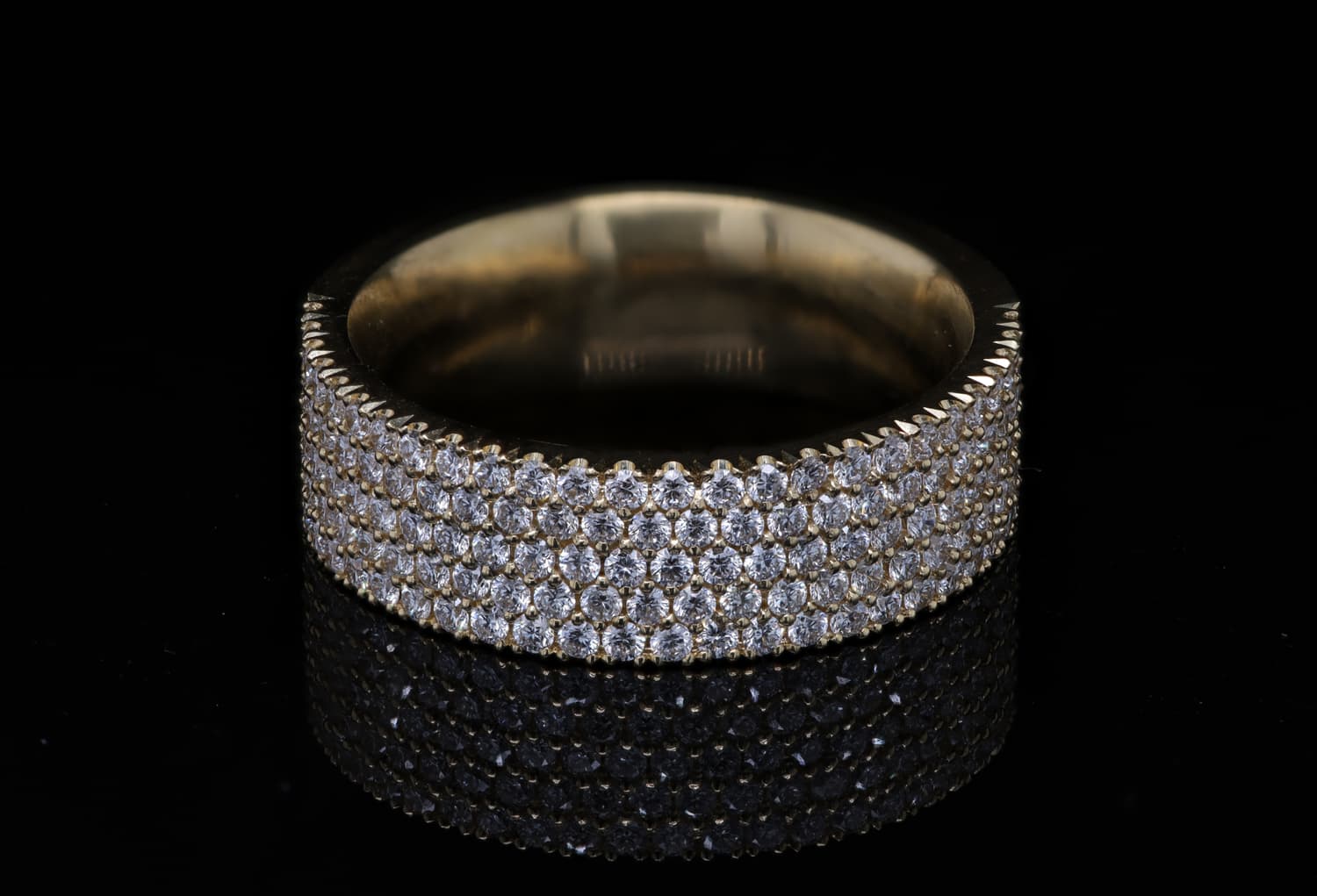 Stacked row diamond setting detail by Atelier Barnard.
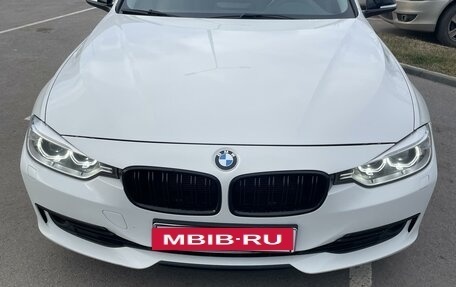 BMW 3 серия, 2012 год, 1 700 000 рублей, 21 фотография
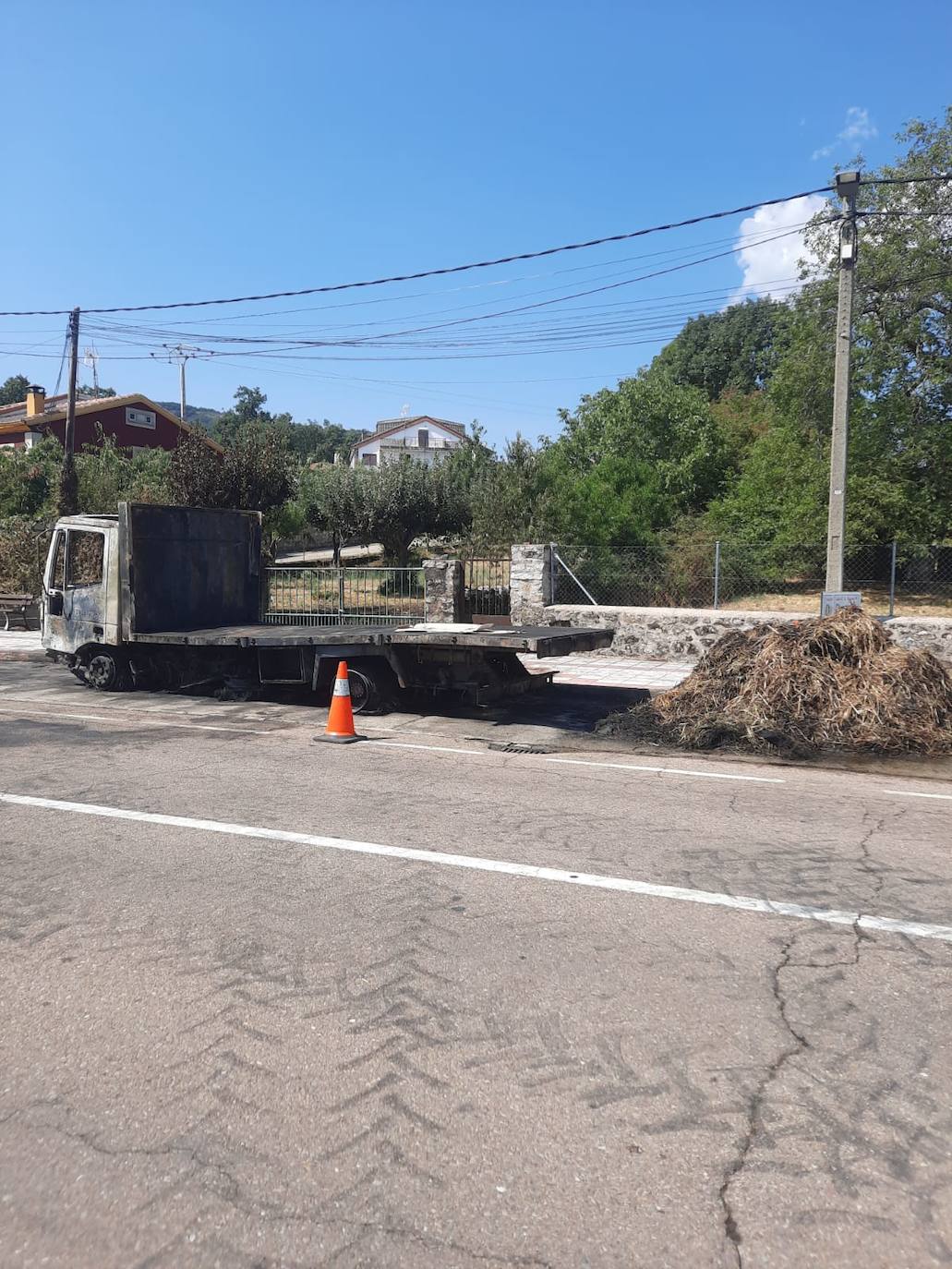 Totalmente calcinado: así ha quedado el camión quemado en las calles de Linares de Riofrío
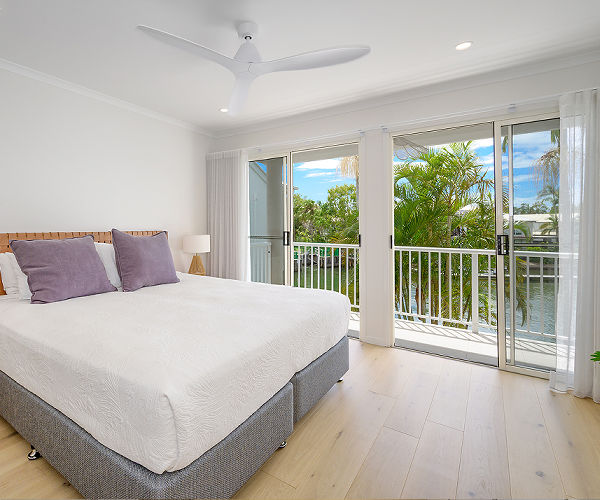 Noosaville waterfront accommodation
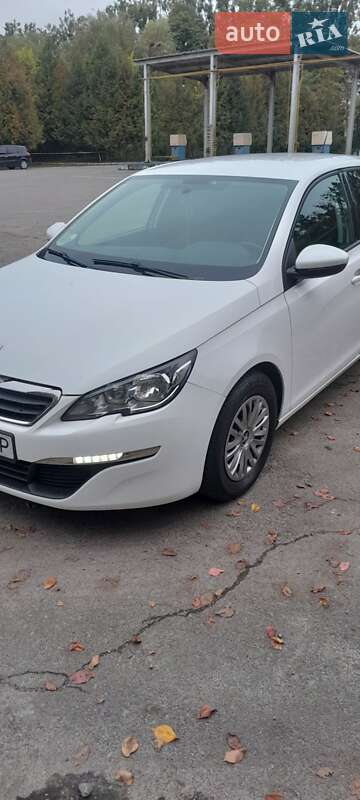 Универсал Peugeot 308 2015 в Львове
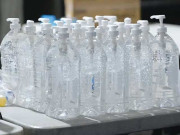 پشاور میں تاجر سینیٹائزر کی جگہ مضر کیمیکل ملا محلول فروخت کرنے لگے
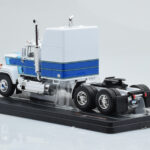 Mack Superliner Magnum Biały Niebieski IXO 1:43 - image 5 of 6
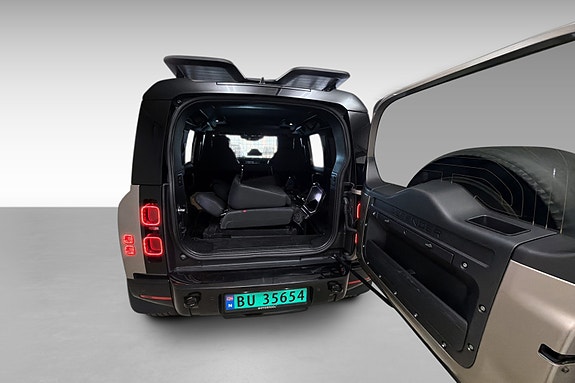 Land Rover Defender 110 8 of 18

:::

Print each line from the one containing "Универсал Peugeot 308 2015 в Львове" through the last line of the listing, both included, exactly and with no pictures.

EXERCISE RESULT
 Универсал Peugeot 308 2015 в Львове
 پشاور میں تاجر سینیٹائزر کی جگہ مضر کیمیکل ملا محلول فروخت کرنے لگے
 Mack Superliner Magnum Biały Niebieski IXO 1:43 - image 5 of 6
 Land Rover Defender 110 8 of 18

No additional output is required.